When Wes had given it to her, he stressed that the key was supposed to be used in emergency purposes only. Pfft, like she’d normally want to walk into Wes’ place day or night for any other reason. It wasn’t like she’d sneak in just to put itching powder in his underwear. “Too bad I didn’t think of that before I left the hotel,” Cordy grumbled, but felt the grin spread across her face at the thought of Angel hopping around trying to reach all of the itchy spots.
Finding the key lodged between her compact and the side of her purse, Cordelia let out a triumphant, “Aha!” She let herself in and locked the doors behind her, setting the plastic Blockbuster bag on the coffee table. Everything looked so neat and clean, not like the last time when she had to wade through piles of research just to get to find the living room carpet.

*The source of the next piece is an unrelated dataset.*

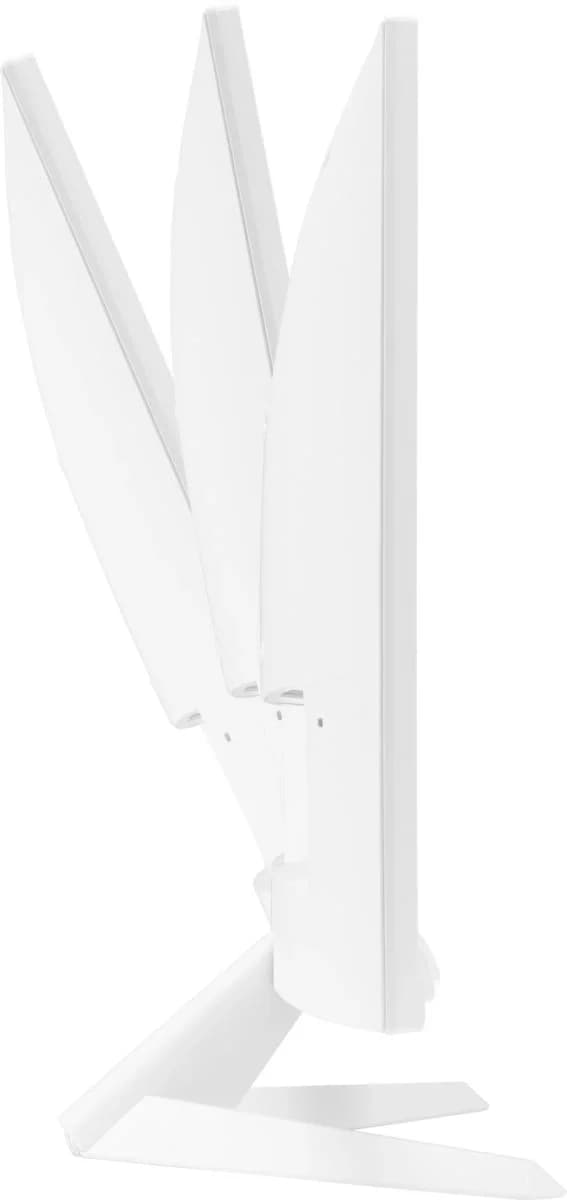 Монитор Asus 27" VY279HF-W черный IPS LED 16:9 HDMI матовая 250cd 178гр/178гр 1920x1080 100Hz FHD 4.11кг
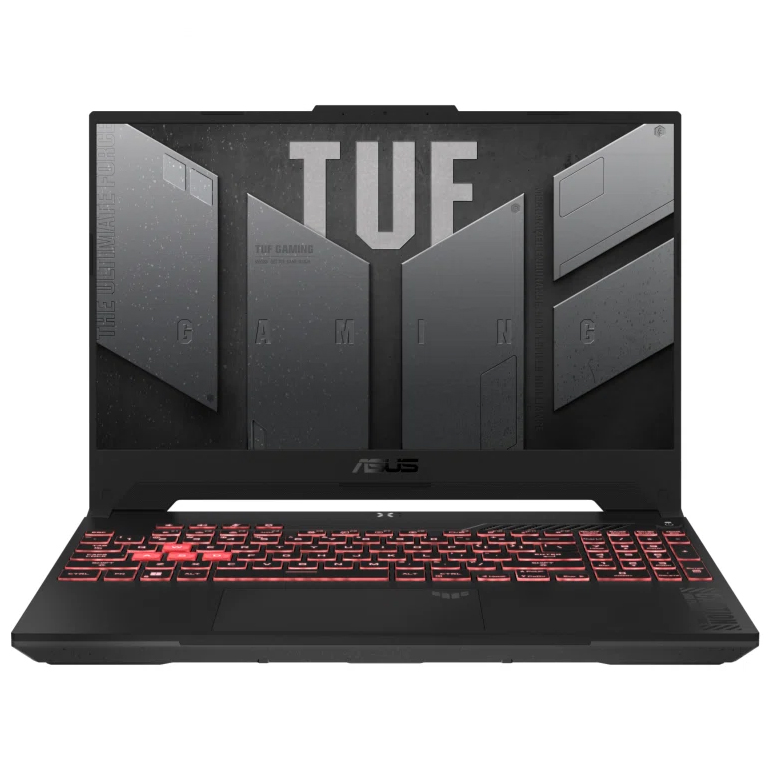 لپ تاپ 15.6 اینچی ایسوس مدل TUF Gaming F15 FX507VV4-LP105W-i9 13900H 16GB 1SSD RTX4060 - کاستوم شده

Blame that on Angel, she thought sourly. He wasn’t around long enough to give Wesley anything to do, much less to cause him to get super-absorbed in finding out why some new strain of snot demon was causing sudden attacks of moo-shu flu and how there was a prophesy that involved the vampire-with-a-bad-attitude. Huh. Things were obviously so boring without her around the office, that Wes had nothing better to do than keep his apartment clean.
Impatient, Cordelia was already tired of waiting. Wondering how long Wes was going to be, she rummaged through her purse again and took out her cell phone. Punching in the number two on her speed dial, the action made Cordy realize she’d have to reprogram the number one spot. Thoughts of Angel left her with a scowl on her face. As she waited for the call to go through, she shoved her purse onto the couch, not caring that it hit harder than intended.
Then the beep-boop tones switched over to an automated recording, indicating that Wes either had his phone forwarded or turned off. “Stupid voice mail,” she muttered just before leaving him a message designed to get his butt home asap. “I’m here and I’m bored. Guess I’ll just have to rifle through your stuff while I’m waiting.”
Cordelia turned around to toss her cell phone onto the couch next to her purse and let out a short shriek of surprise as she saw Angel standing only three feet away. He closed the distance between them before the sound faded. “Wes won’t be home tonight,” his words sent shivers along her skin. “It’s just you and me.”